Well, I gave myself permission to fall asleep and actually stayed awake for the whole thing so that’s something.  There is no way I would have watched at all if it had not been for the List.  Admittedly, it’s like nothing I have ever seen before.  There is a way to make a beautiful film out of paper cut-outs.  It is called The Adventures of Prince Achmed (1926).

Trailer for “expanded” version with live accompaniment

The Manchurian Candidate

The Manchurian Candidate
Directed by John Frankenheimer
Written by George Axelrod from a novel by Richard Conden
M.C. Productions
Repeat viewing/My DVD collection
One of 1001 Movies You Must See Before You Die

Bennett Marco: Raymond Shaw is the kindest, bravest, warmest, most wonderful human being I’ve ever known in my life.

I consider this the best conspiracy movie ever made.  Pity about Janet Leigh’s character, though.

As the movie begins a unit headed by Major Bennett Marco (Frank Sinatra) is on a reconnaissance mission behind enemy lines in North Korea.  Marco credits Staff Sergeant Raymond Shaw (Laurence Harvey) with saving the lives of the survivors of the action and Shaw receives the Medal of Honor for his heroism.  After returning to the U.S., Marco suffers from weird recurring nightmares in which Shaw commits unspeakable acts during a gardening club meeting.  These are so distressing that his commanding officer orders him to take it easy.  Marco believes he is losing his mind until he is approached by one of his comrades who is having similar nightmares.  He becomes determined to ferret out the truth.

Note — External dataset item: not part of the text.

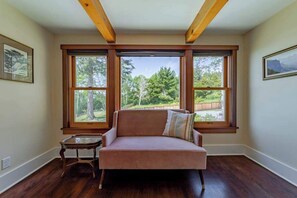 A room with a sofa, a small table, and large windows with a view of trees and a fence. - The Trinidad Pearl - Oceanfront Home & Hot Tub (Trinidad)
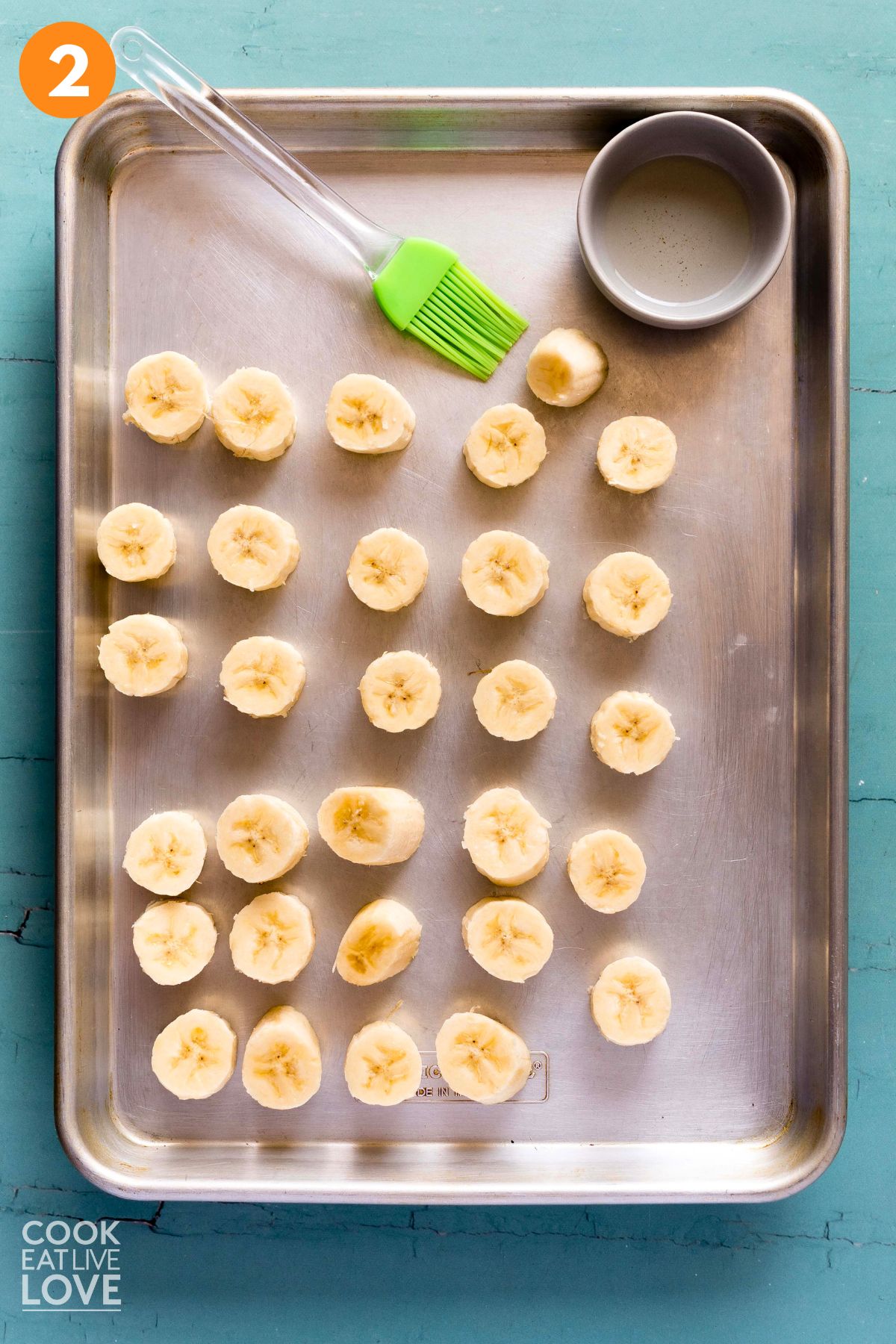 Sliced bananas laid out on a baking tray with a pastry brush to the side.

In the meantime, Raymond’s mother (Angela Lansbury) and step-father Senator Johnny Iselin (James Gregory) are basking in Raymond’s glory.  The Iselins are rabid Red-baiters and have ambitions to take the White House.  Raymond hates his mother for breaking up the great romance of his life and despises Johnny and his politics.  Anyone who has not had the story spoiled previously will be glad that I stop here.

One aspect of the movie that cannot be spoiled is Marco’s bizarre encounter with Rosie (Janet Leigh) on a train.  It is love at first sight on her part featuring dialogue that can only be described as surreal.  The Rosie-Marco romance is the one weak spot in an otherwise excellent and chilling movie.

All of the principal players are at the top of their game and Lansbury’s performance is unforgettable.  It’s unfortunate that she was competing for the Oscar that year with Patty Duke, who could not have been denied.  Every technical aspect is practically perfect as well.  Highly recommended.

The Manchurian Candidate was nominated for Academy Awards in the categories of Best Supporting Actress (Lansbury) and Best Film Editing.